Como Vincent le había prometido, fue María la que eligió donde cenar, una especie de pseudogastrobar de los que están de moda, y la verdad es que no fue como para tirar cohetes, pero no quería herir la sensibilidad de su chica, y aun menos volver…

– ¿Otro día? ¿Hasta cuándo piensas que estemos por aquí? – Preguntó ella un tanto sorprendida.
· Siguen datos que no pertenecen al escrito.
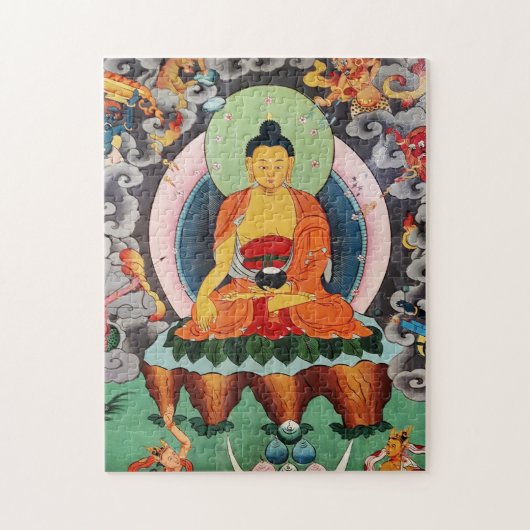 Puzzle Bouddha Shakyamuni, Bouddhisme tibétain / Dharma (Vertical)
– Bueno, me gustaría alargar el ‘weekend’ unos días, ¿qué te parece la idea? –

– A mí me parece genial, pero yo me tengo que incorporar al trabajo. Hablamos de regresar el lunes y no creo que mi jefe acepte un retraso. –

– Podrías llamarlo a ver que te dice. Pídele unos días de esos que te debe. No pierdes nada. –

– No sé. Posiblemente me diga que no, pero bueno, como tú dices, no perdemos nada. Mañana lo llamo a su número particular, no creo que se moleste, y con un poco de suerte lo cojo de buenas y accede. –

Dieron un paseo por la orilla del río que lindaba con el barrio de Triana. El cielo, oscuro pero estrellado, miraba coqueto al Guadalquivir como si de un espejo se tratara. El suelo adoquinado y húmedo reflejaba el tono amarillento de las farolas.

Decidieron hacer una parada en la terraza del Café de la Prensa. Necesitaban reposar la suculenta cena y descansar las piernas, agotadas después de un largo día de patear las calles sevillanas.

El camarero les tomó nota, dos cafés, solos, y María encendió un cigarrillo, con la idea de compartirlo con Vinc mientras venían las bebidas.

Él tomó el Marlboro entre sus dedos de manos de ella, se lo llevó a los labios y le dio un honda calada. Expiró el humo lentamente, un humo que precedió el inicio de una confesión.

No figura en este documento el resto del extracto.